--- Exercise material Enclosed Below ---
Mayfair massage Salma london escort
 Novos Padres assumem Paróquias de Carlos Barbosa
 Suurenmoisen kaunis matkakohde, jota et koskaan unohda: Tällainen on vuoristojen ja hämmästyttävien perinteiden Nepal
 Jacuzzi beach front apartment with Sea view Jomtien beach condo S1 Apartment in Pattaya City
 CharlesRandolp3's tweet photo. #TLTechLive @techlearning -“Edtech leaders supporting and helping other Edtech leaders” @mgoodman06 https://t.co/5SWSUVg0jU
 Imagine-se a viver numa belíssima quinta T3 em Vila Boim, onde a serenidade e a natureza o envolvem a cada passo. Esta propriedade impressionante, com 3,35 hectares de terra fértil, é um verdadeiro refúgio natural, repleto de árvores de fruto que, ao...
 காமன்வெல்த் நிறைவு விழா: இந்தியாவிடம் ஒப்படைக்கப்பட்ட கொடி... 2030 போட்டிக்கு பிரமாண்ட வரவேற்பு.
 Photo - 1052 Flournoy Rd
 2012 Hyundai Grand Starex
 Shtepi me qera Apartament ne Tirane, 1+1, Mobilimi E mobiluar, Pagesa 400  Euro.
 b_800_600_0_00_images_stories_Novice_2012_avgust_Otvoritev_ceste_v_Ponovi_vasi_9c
--- End of Enclosed Exercise material ---
» What this task involves: Every entry should be printed again exactly as it stands.

» Exercise response:
Mayfair massage Salma london escort
 Novos Padres assumem Paróquias de Carlos Barbosa
 Suurenmoisen kaunis matkakohde, jota et koskaan unohda: Tällainen on vuoristojen ja hämmästyttävien perinteiden Nepal
 Jacuzzi beach front apartment with Sea view Jomtien beach condo S1 Apartment in Pattaya City
 CharlesRandolp3's tweet photo. #TLTechLive @techlearning -“Edtech leaders supporting and helping other Edtech leaders” @mgoodman06 https://t.co/5SWSUVg0jU
 Imagine-se a viver numa belíssima quinta T3 em Vila Boim, onde a serenidade e a natureza o envolvem a cada passo. Esta propriedade impressionante, com 3,35 hectares de terra fértil, é um verdadeiro refúgio natural, repleto de árvores de fruto que, ao...
 காமன்வெல்த் நிறைவு விழா: இந்தியாவிடம் ஒப்படைக்கப்பட்ட கொடி... 2030 போட்டிக்கு பிரமாண்ட வரவேற்பு.
 Photo - 1052 Flournoy Rd
 2012 Hyundai Grand Starex
 Shtepi me qera Apartament ne Tirane, 1+1, Mobilimi E mobiluar, Pagesa 400  Euro.
 b_800_600_0_00_images_stories_Novice_2012_avgust_Otvoritev_ceste_v_Ponovi_vasi_9c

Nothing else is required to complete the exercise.